I recently attended the Reginald H. Jones Center of The Wharton School’s seminar on the future of the Internet. By the number and business level of the people who attended compared to when I attended a similar seminar six years ago at the Philadelphia Convention Center, you would think the Internet was a fad similar to the CB radio of the 1970s.

I would estimate that there were slightly more than 100 attendees. Very few of them were from the corporate world. Most were students, Wharton faculty and a few were from the United Nations. The speakers were interesting in their rear view mirror assessment of the history and future of the Internet.

The three main corporate speakers were new Safeguard Scientifics boss, Anthony Craig; Matthew Kissner, Group President of Pitney Bowes; and Hal Rosenbluth, chairman/CEO of Rosenbluth International. All three men spent a lot of time, money and effort in developing successful e-commerce ventures. I thought their comments about why theirs and others failed were very interesting.

Here are the top reasons that I heard for why companies failed.

  1. Poor concepts and models - The business models were not thought through such as selling postage stamps online.
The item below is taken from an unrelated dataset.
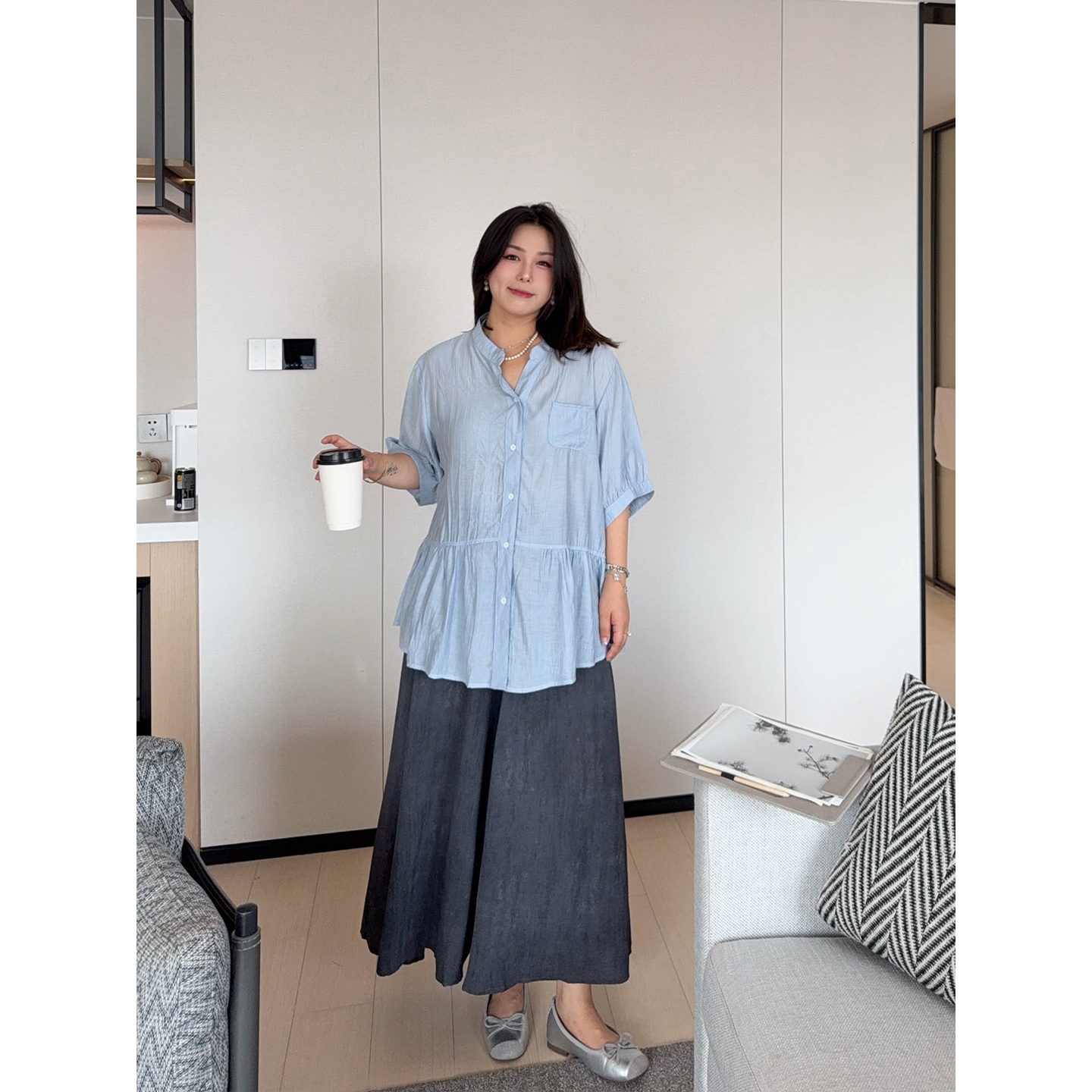 VOGANA戛纳家大码女装韩女清冷法式宽松显瘦天丝皱棉荷叶边衬衫夏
The idea that you wouldn’t have to stand in line to buy stamps appeals to many of us, but people aren’t losing sleep about standing in line.
  2. Rush to be first - The goal was to buy all the real estate one could regardless of price.
  3. No focus on profitability - Many companies didn’t set targets for being profitable and assumed the flow of cash would continue.
  4. Willing to give away products/services for attracting buyers - Selling products for below cost in order to cross sell other products or sell advertising.
  5. Poor management - A lot of people inexperienced at building businesses and corporate infrastructures.
  6. Over spending on marketing - Companies with no profits buying ads during the Super Bowl.
  7. Selling to customers who couldn’t afford to buy products/services - Selling to new companies whose only cash was venture capital or individual investor money.
  8. No cost controls - Many companies never established budgets that they had to adhere to.
  9. No integration into existing profitable businesses - Old line companies didn’t think about how they would integrate the businesses they were incubating into their current businesses.
  10. Poor technology coordination - Surprisingly, large companies let their incubating companies use multiple platforms and when it came time to tie all of the various ventures together with the parent company it couldn’t be done.
I worked with over 20 e-commerce companies and I run two at this time. All of the problems these very seasoned executive listed are typical of what happens with a new hot industry that no one wants to miss. If it wasn’t for reckless entrepreneurs who ignored traditional business practices you wouldn’t have Microsoft, Ford, IBM or any other business. It is rare that people like former General Electric Chairman/CEO Jack Welsh take existing giants to a higher level.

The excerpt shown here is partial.